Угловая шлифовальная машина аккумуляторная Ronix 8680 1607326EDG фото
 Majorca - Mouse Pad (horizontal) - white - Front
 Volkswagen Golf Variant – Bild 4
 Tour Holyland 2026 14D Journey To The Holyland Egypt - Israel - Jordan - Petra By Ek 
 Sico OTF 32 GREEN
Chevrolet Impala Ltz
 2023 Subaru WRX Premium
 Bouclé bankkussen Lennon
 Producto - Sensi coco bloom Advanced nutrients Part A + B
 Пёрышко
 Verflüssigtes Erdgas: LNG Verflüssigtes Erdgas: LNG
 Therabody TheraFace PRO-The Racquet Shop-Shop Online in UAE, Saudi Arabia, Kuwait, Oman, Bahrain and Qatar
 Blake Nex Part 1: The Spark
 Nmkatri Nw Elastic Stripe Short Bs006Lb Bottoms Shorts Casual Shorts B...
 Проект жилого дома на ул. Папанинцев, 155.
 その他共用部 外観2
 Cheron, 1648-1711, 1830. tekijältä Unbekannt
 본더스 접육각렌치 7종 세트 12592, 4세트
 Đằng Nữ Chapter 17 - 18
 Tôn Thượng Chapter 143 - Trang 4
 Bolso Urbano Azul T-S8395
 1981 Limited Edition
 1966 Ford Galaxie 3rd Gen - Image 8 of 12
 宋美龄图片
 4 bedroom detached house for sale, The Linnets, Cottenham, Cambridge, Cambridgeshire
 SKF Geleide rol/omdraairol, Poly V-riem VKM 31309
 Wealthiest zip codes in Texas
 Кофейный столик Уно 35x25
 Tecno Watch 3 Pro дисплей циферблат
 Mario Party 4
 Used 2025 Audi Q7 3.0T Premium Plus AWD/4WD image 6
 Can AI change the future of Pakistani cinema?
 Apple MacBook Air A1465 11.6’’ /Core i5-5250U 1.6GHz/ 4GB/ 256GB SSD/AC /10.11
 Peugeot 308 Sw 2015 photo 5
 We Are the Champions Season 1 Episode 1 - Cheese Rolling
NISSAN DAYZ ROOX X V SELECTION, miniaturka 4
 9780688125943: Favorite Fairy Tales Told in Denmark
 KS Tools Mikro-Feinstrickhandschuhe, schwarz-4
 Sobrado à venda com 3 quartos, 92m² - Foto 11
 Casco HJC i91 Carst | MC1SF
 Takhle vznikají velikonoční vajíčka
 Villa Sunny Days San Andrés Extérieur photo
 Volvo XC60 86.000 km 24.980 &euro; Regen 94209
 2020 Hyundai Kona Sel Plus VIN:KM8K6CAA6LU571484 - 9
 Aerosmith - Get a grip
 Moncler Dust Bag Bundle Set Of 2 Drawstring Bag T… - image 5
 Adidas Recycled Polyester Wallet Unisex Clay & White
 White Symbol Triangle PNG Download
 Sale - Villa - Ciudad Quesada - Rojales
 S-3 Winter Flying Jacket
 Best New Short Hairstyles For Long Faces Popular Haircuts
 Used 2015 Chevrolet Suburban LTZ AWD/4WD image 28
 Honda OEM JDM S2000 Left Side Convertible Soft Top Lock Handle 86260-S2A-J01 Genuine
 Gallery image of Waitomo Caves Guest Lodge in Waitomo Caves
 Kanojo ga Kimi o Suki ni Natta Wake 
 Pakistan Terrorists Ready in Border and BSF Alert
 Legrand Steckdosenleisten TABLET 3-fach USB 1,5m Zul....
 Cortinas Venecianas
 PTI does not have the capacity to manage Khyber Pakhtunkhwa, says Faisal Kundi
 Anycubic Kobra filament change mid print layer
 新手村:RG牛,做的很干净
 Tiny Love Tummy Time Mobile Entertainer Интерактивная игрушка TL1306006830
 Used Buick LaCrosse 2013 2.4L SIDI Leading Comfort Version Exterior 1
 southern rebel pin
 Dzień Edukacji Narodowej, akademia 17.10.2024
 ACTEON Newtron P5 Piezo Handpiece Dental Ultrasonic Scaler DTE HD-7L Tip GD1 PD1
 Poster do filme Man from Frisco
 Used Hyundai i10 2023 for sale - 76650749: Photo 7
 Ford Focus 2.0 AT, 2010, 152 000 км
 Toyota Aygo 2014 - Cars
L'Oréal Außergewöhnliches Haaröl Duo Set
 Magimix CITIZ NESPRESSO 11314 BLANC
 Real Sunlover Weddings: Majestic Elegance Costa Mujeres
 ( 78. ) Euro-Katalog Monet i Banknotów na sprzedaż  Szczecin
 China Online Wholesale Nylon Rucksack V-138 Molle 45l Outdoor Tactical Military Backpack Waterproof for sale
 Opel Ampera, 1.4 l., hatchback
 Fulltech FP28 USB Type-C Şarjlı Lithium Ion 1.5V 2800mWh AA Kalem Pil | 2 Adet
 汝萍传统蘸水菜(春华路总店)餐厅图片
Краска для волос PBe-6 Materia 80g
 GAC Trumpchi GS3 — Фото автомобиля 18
________________________________________
== What this task involves ==
Repeat the lines from the first one in the records through the line containing "2023 Subaru WRX Premium", exactly as written, and nothing else.

== Answer to this exercise ==
Угловая шлифовальная машина аккумуляторная Ronix 8680 1607326EDG фото
 Majorca - Mouse Pad (horizontal) - white - Front
 Volkswagen Golf Variant – Bild 4
 Tour Holyland 2026 14D Journey To The Holyland Egypt - Israel - Jordan - Petra By Ek 
 Sico OTF 32 GREEN
Chevrolet Impala Ltz
 2023 Subaru WRX Premium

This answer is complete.